Over the last few months I have been working with the Google Cloud Machine Learning (ML) Engine to deploy machine learning models into production. Google’s vision is to make machine learning and deep learning accessible to all from engineers to analysts to data scientists. Over the last few years they have released a variety of cloud based tools designed to lower the barriers of entry to using Artificial Intelligence (AI).
My experience so far has been positive ML Engine does seem to abstract a lot of the complexity of deploying models away for example. In the following post I want to review the various tools that Google have or are releasing in an effort to democratise AI.
The primary purpose of BigQuery ML is to make machine learning accessible to data analysts by enabling the user to develop machine learning models with standard sql. Additionally it allows for fast prototyping, by allowing users to run a model directly where the data already sits, the viability of a machine learning project can be assessed with limited time investment. This is currently in a beta release, and only supports three types of models — linear regression, binary logistic regression and multiclass logistic regression.
It can be used through a number of tools that data analysts will already have extensive knowledge of. These include spreadsheets with a connection to BigQuery, the BigQuery web UI, statistical software and the Google visualisation tools Cloud Datalab and Data Studio.
I have recently tried using this both in Datalab and the BigQuery web UI and found it very straight forward to get it working. In essence it is as simple as writing a sql query similar to the one shown below. You will need to create the data set in your project first by following the instructions in the documentation. Running this extracts the data and trains the model selected in OPTIONS using this data. You can view training statistics and evaluate the performance of the model directly in the web UI which is impressive. You can access predictions via a different sql query.
My hope is that in the future they will build in support for other open source libraries such as scikit-learn. Currently the limitation of only having regression based models available limits the ability to develop the most accurate models on real world data.
Aimed at both developers and data scientists this solution offers a managed service to train and deploy machine learning models. A number of machine learning libraries are available including scikit-learn, XGBoost, Keras and Tensorflow (more on this later in the post).
I have recently been trialling using ML Engine to train a classification model with scikit-learn. I have been able to serve the model in a production environment without having to involve engineers so on the surface this appears to be a way to democratise deploying models for data scientists.

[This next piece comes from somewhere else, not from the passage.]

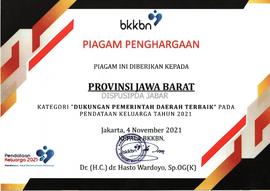Piagam Penghargaan Diberikan Kepada Provinsi JawaBarat  Kategori    Dukungan    Pemerintah Daerah...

The process we have followed is relatively straightforward. I created a packaged version of the scikit-learn code for training the model and predicting on new data. This was placed on cloud storage. A cli command needs to be run for each part of the process to create, train and then serve the model. You can then send online prediction requests to the served model.
This product is aimed primarily at developers, enabling those with limited knowledge of machine learning to deploy a number of pre-built models for specific use cases. Current offerings include AutoML Vision for image classification, AutoML Natural Language for text classification (I am currently trialling this for sentiment analysis) and AutoML Translation.

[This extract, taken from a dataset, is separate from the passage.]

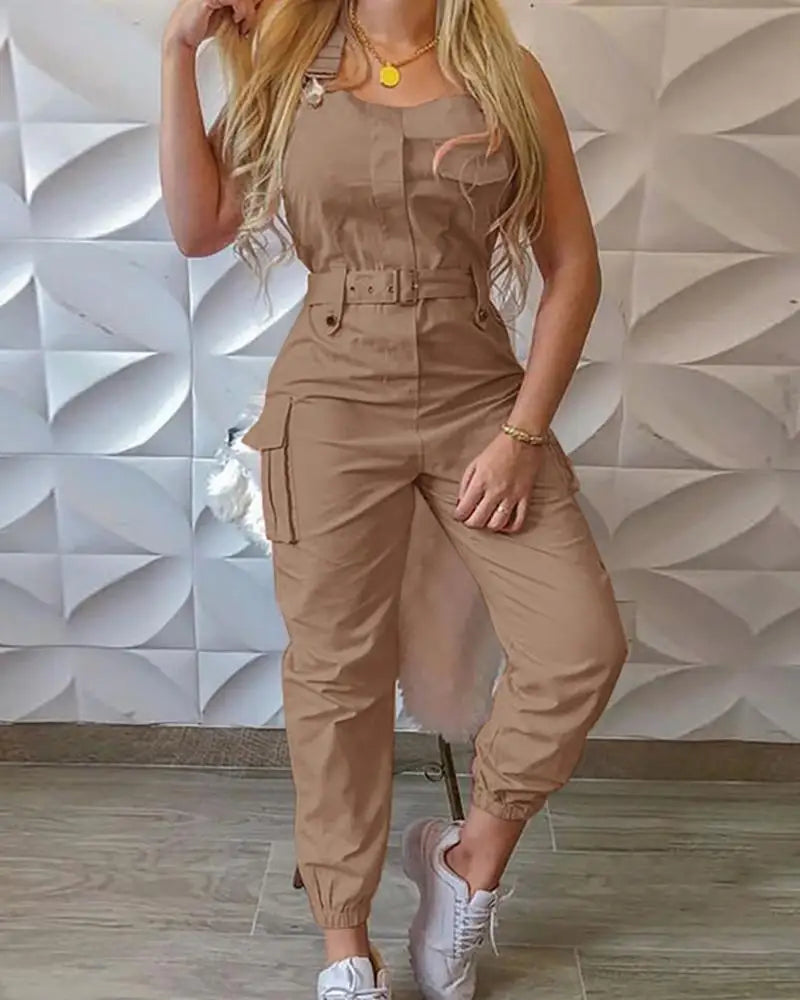 Trendy Jumpsuit - Cargo Overall with Belt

With these products you import your prepared data from Google Cloud Storage using the UI for the AutoML product you are using. You train the model using options in the UI. The performance is evaluated via the command line, and predictions are accessed with the UI.
Tensorflow, created by the Google Brain team is an open source library designed to simplify large scale deep learning. This tool enables both experts and non experts to leverage the learning power of Artificial Neural Networks. In recent years these networks have powered a lot of the growth in advanced AI including the development of self driving cars and facial recognition.

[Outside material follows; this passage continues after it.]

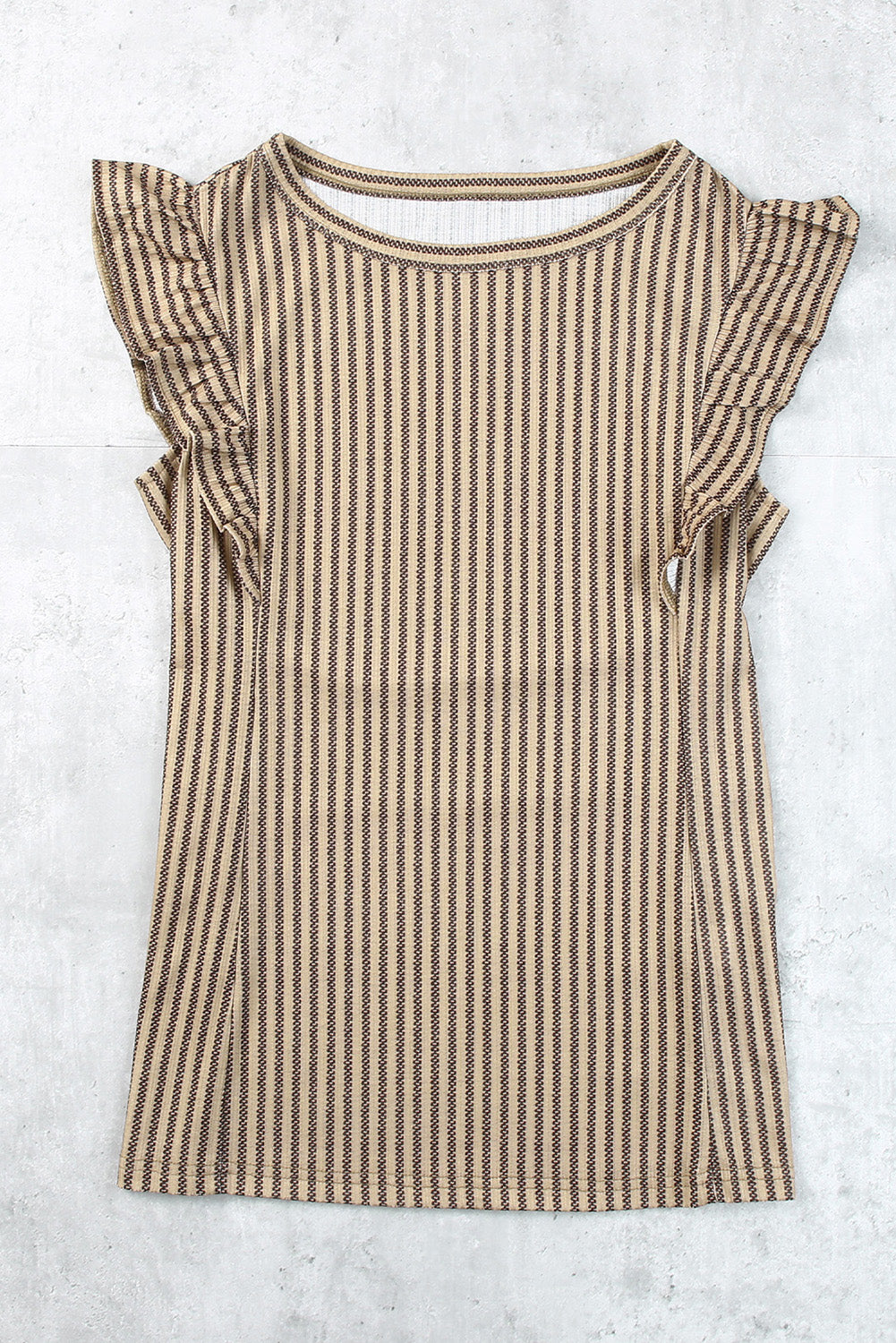 Gray Crew Neck Ruffled Striped Tank Top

The Tensorflow library includes a set of pre-made estimators that act as building blocks to use neural networks for classification, regression, as well text and image identification. Similar to other open source libraries for machine learning the code is written in python and follows a similar train, predict and evaluate set of functions. Tensorflow can be also used with ML Engine to serve these models in a production environment.
I have been fortunate to have access to use these Google tools with data already in BigQuery as part of my job. However for anybody that wants to try them Google offers free tiers for most of these products. Additionally BigQuery has a variety of public datasets that can easily be made available to practice with. Although my use of these tools is limited so far it does seem that they offer a way to take some of the pain away from developing and deploying both machine and deep learning. I am hopeful that with better support for a wider variety of machine learning libraries, and versions, that these tools will open up the use of AI to more job roles, and enterprises.